Variant Columns¶
A Parquet column annotated with the VARIANT logical type carries semi-structured, JSON-like data in a self-describing binary encoding. Physically it is a group of two required BYTE_ARRAY children, metadata and value, whose bytes together define a Variant value with its own type tag (object, array, string, int, etc.). getVariant reads both children and surfaces them through the PqVariant API.
Try it yourself
Want to run it or explore the capabilities yourself? The Variant Columns example renders every Variant type through one recursive method, including nested objects and arrays.
try (RowReader rowReader = fileReader.rowReader()) {
while (rowReader.hasNext()) {
rowReader.next();
PqVariant v = rowReader.getVariant("event");
if (v == null) {
continue; // SQL NULL
}
// Type introspection
VariantType tag = v.type(); // OBJECT, ARRAY, STRING, INT32, ...
if (tag == VariantType.OBJECT) {
PqVariantObject obj = v.asObject();
String userId = obj.getString("user_id");
int age = obj.getInt("age");
Instant ts = obj.getTimestamp("ts");
// Nested Variant OBJECT / ARRAY — same vocabulary all the way down
PqVariantObject addr = obj.getObject("address");
PqVariantArray tags = obj.getArray("tags");
}
// Raw canonical bytes (for round-tripping or hashing)
byte[] metadata = v.metadata();
byte[] value = v.value();
}
}
The PqVariantObject view exposes the same primitive getters as a Parquet struct (getInt, getString, getTimestamp, …), but its complex navigation uses getObject and getArray (Variant-spec terminology) rather than getStruct / getList / getMap.

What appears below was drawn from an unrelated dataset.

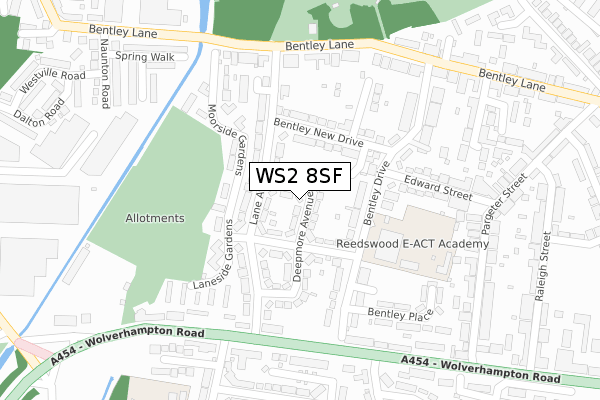 WS2 8SF map - large scale - OS Open Zoomstack (Ordnance Survey)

A PqVariantArray is iterable and indexed; elements are heterogeneous PqVariants — inspect each element's type() and unwrap appropriately.
Primitive extraction on PqVariant: When you already hold a PqVariant (e.g. an array element) use the as*() methods — asInt, asString, asTimestamp, and so on. Each throws VariantTypeException if the variant's type tag doesn't match.

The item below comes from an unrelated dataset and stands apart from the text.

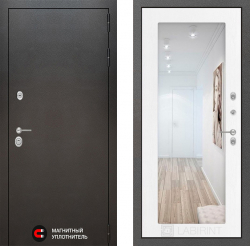 Дверь Лабиринт (LABIRINT) SILVER 18 с Зеркалом Белое дерево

Timestamp tags: The Variant binary format carries four timestamp tags, split along the same isAdjustedToUTC boundary as the Parquet TIMESTAMP logical type. asTimestamp returns Instant and accepts the UTC-adjusted tags TIMESTAMP / TIMESTAMP_NANOS; asLocalTimestamp returns LocalDateTime and accepts the wall-clock tags TIMESTAMP_NTZ / TIMESTAMP_NTZ_NANOS. PqVariantObject.getTimestamp / getLocalTimestamp follow the same split.
Shredded Variants: Some writers store part of the payload in a typed sibling column (typed_value) alongside value for better compression and pushdown. Reassembly is transparent: metadata() and value() return canonical bytes regardless of whether the file was shredded, so PqVariant consumers see a single consistent representation.
Current limitations¶
- No Variant-aware predicate pushdown. Filter predicates against a Variant sub-path (e.g.
WHERE v.age > 30) aren't yet understood by the pushdown pipeline. Filtering still works against the file's physical shredded columns if you know the layout — aFilterPredicate.gt("v.typed_value.age", 30)gets row-group and page skipping via ordinary column statistics — but that ties query code to the writer's shredding strategy and misses any rows where the payload sits in the opaquevalueblob instead. Tracked as #309. - No path projection optimization. Reading only
v.agefrom a Variant column still reassembles the whole Variant for each row rather than reading just the shreddedtyped_value.agecolumn. Requires the same variant-aware planning as #309. Tracked as #700.